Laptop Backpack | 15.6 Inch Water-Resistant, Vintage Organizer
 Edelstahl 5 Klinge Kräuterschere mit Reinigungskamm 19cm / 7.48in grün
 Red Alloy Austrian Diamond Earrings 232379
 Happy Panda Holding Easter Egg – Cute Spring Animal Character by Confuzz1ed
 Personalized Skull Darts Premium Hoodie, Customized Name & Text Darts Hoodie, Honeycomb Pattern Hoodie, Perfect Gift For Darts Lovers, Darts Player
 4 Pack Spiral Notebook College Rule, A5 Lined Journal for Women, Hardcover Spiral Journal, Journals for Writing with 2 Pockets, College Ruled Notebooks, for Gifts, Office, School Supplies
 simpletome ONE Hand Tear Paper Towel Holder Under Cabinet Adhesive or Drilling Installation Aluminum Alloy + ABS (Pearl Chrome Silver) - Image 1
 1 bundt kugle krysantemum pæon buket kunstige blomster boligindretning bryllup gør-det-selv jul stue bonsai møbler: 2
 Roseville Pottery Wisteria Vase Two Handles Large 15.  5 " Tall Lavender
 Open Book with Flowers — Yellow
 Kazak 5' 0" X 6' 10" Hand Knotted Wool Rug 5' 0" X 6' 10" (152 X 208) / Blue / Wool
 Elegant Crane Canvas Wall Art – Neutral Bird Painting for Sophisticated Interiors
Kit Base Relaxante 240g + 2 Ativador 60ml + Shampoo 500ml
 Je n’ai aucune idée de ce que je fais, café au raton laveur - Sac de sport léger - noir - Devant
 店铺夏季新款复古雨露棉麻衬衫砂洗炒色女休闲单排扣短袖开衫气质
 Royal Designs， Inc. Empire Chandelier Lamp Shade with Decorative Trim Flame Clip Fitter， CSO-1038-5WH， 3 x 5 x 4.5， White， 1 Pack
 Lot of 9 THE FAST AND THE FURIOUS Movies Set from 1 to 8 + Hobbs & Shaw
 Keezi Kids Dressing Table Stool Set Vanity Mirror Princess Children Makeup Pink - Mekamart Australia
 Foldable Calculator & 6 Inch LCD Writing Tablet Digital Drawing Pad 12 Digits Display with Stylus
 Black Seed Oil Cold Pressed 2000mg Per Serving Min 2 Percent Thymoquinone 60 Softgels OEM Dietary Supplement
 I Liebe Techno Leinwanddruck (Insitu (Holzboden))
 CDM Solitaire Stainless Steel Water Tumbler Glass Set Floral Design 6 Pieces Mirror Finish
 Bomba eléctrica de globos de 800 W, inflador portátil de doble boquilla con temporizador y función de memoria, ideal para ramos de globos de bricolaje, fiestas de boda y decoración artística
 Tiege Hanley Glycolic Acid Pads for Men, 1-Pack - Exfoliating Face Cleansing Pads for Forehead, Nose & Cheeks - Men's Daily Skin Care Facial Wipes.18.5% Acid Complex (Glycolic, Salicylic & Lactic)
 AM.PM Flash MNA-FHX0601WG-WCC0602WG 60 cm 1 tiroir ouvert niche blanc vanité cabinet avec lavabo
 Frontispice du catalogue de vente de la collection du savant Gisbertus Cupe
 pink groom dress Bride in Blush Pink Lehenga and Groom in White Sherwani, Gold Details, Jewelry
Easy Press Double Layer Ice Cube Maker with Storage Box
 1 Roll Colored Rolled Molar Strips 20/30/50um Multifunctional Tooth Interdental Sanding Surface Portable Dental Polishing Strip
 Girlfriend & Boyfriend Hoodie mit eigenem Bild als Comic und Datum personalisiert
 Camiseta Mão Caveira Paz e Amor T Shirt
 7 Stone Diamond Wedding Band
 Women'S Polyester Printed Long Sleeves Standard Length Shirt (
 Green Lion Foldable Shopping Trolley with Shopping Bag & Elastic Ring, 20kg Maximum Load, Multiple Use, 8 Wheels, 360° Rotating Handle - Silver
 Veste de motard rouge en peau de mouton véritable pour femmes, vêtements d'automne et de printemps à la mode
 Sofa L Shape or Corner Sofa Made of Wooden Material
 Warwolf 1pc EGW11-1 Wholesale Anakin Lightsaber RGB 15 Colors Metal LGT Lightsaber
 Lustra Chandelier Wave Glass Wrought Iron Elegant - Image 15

_ _ _ _ _ _ _

Work instruction: Scan the lines above for the word "with", then copy each line that has it.

Result for this exercise:
 4 Pack Spiral Notebook College Rule, A5 Lined Journal for Women, Hardcover Spiral Journal, Journals for Writing with 2 Pockets, College Ruled Notebooks, for Gifts, Office, School Supplies
 Open Book with Flowers — Yellow
 Royal Designs， Inc. Empire Chandelier Lamp Shade with Decorative Trim Flame Clip Fitter， CSO-1038-5WH， 3 x 5 x 4.5， White， 1 Pack
 Foldable Calculator & 6 Inch LCD Writing Tablet Digital Drawing Pad 12 Digits Display with Stylus
Easy Press Double Layer Ice Cube Maker with Storage Box
 Green Lion Foldable Shopping Trolley with Shopping Bag & Elastic Ring, 20kg Maximum Load, Multiple Use, 8 Wheels, 360° Rotating Handle - Silver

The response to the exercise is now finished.